◆ **BRIEF**:
Omitting all images, set down every line below exactly as it appears.

◆ **DATA PROVIDED**:
□ □ □

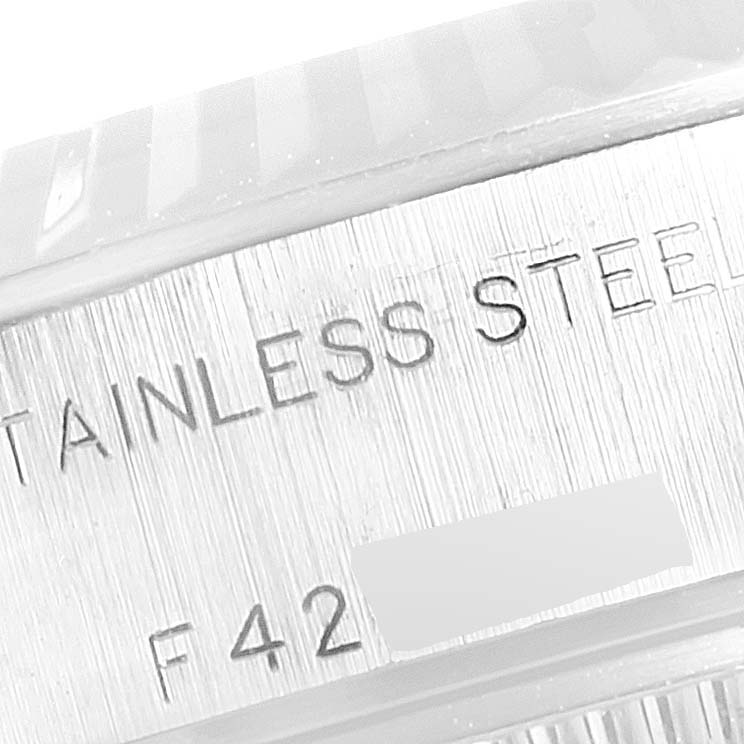 This image shows a close-up of the stainless steel case side with engravings on a Rolex Datejust 79174 Women's Stainless Steel Pink Dial 79174 Women's Stainless Steel Pink Dial watch.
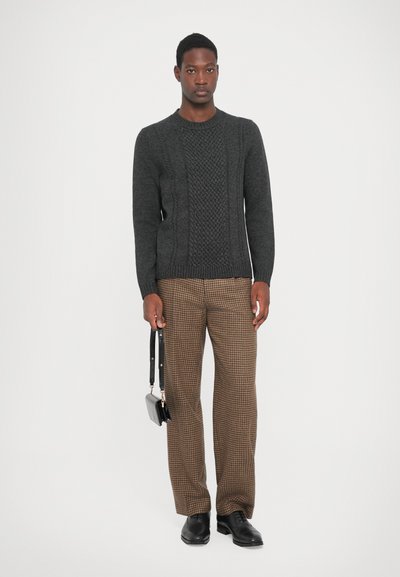 Pull en tricot gris foncé avec des motifs texturés, associé à un pantalon à carreaux marron. Le modèle tient un petit sac noir et gris. Chaussures noires.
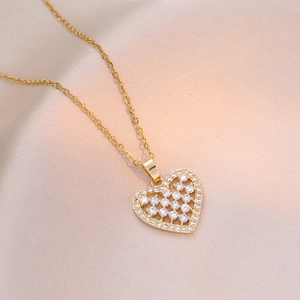 Collier pendentif cœur doré serti de zircons brillants sur fond de soie champagne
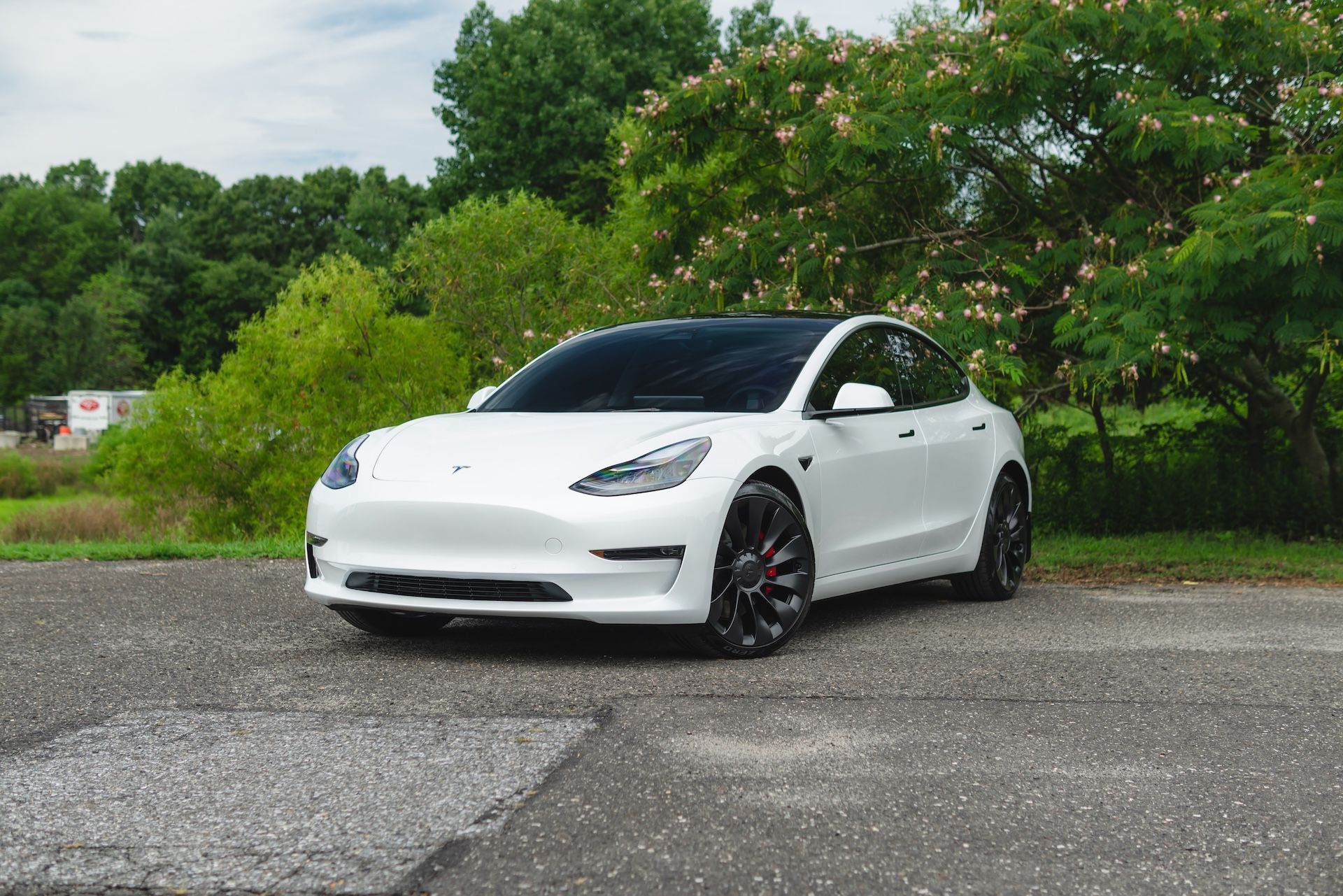 A white tesla model 3 is parked in a parking lot.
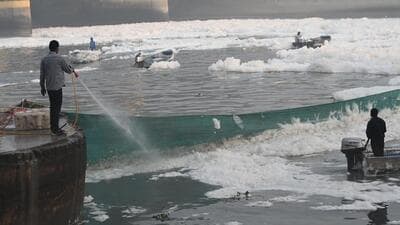 Workers spray chemicals to dissolve the toxic foam in the Yamuna on the eve of Chhath Puja, at Kalindi Kunj on Wednesday. (Arvind Yadav/HT Photo) Workers spray chemicals to dissolve the toxic foam in the Yamuna on the eve of Chhath Puja, at Kalindi Kunj on Wednesday. (Arvind Yadav/HT Photo)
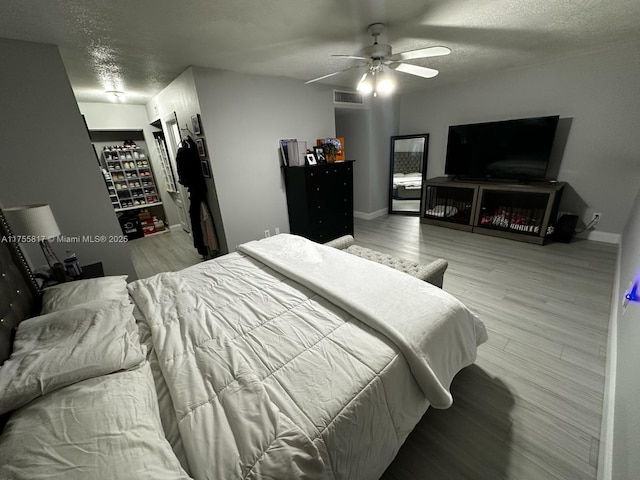 bedroom featuring light wood-type flooring, visible vents, a textured ceiling, and baseboards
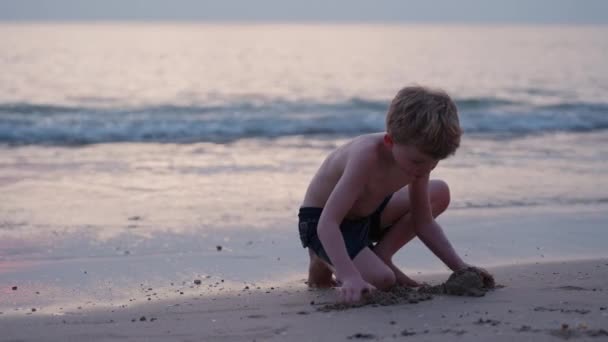 在泰国 一个男孩日落时在海滩上玩沙子的视频 — 图库视频影像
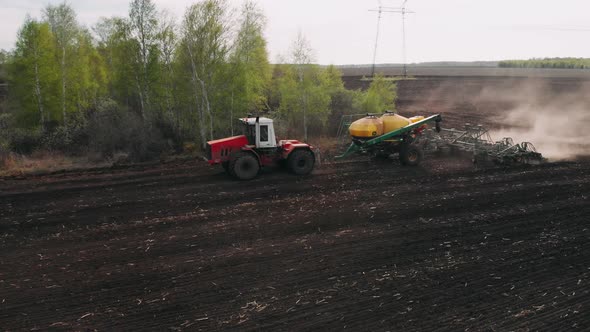 Aerial View of at Agriculture Tractor Sowing Seeds and Cultivating Field in Late Afternoon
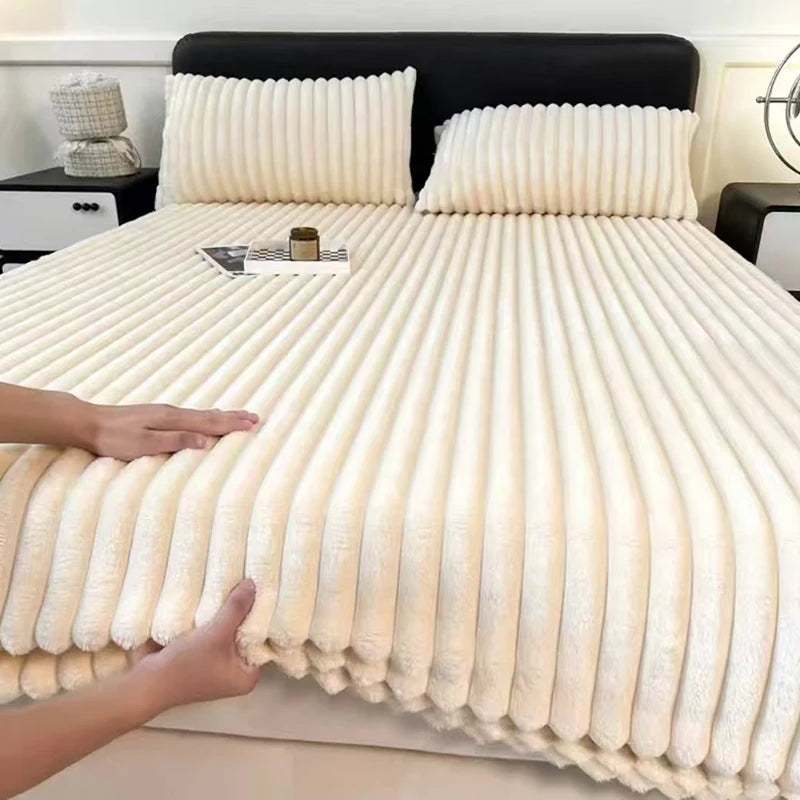 A close-up of thick, cream-colored winter fitted bed sheets with vertical pleats on a bed.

□ □ □

◆ **EXERCISE OUTPUT**:
 This image shows a close-up of the stainless steel case side with engravings on a Rolex Datejust 79174 Women's Stainless Steel Pink Dial 79174 Women's Stainless Steel Pink Dial watch.
 Pull en tricot gris foncé avec des motifs texturés, associé à un pantalon à carreaux marron. Le modèle tient un petit sac noir et gris. Chaussures noires.
 Collier pendentif cœur doré serti de zircons brillants sur fond de soie champagne
 A white tesla model 3 is parked in a parking lot.
 Workers spray chemicals to dissolve the toxic foam in the Yamuna on the eve of Chhath Puja, at Kalindi Kunj on Wednesday. (Arvind Yadav/HT Photo) Workers spray chemicals to dissolve the toxic foam in the Yamuna on the eve of Chhath Puja, at Kalindi Kunj on Wednesday. (Arvind Yadav/HT Photo)
 bedroom featuring light wood-type flooring, visible vents, a textured ceiling, and baseboards
 在泰国 一个男孩日落时在海滩上玩沙子的视频 — 图库视频影像
 Aerial View of at Agriculture Tractor Sowing Seeds and Cultivating Field in Late Afternoon
 A close-up of thick, cream-colored winter fitted bed sheets with vertical pleats on a bed.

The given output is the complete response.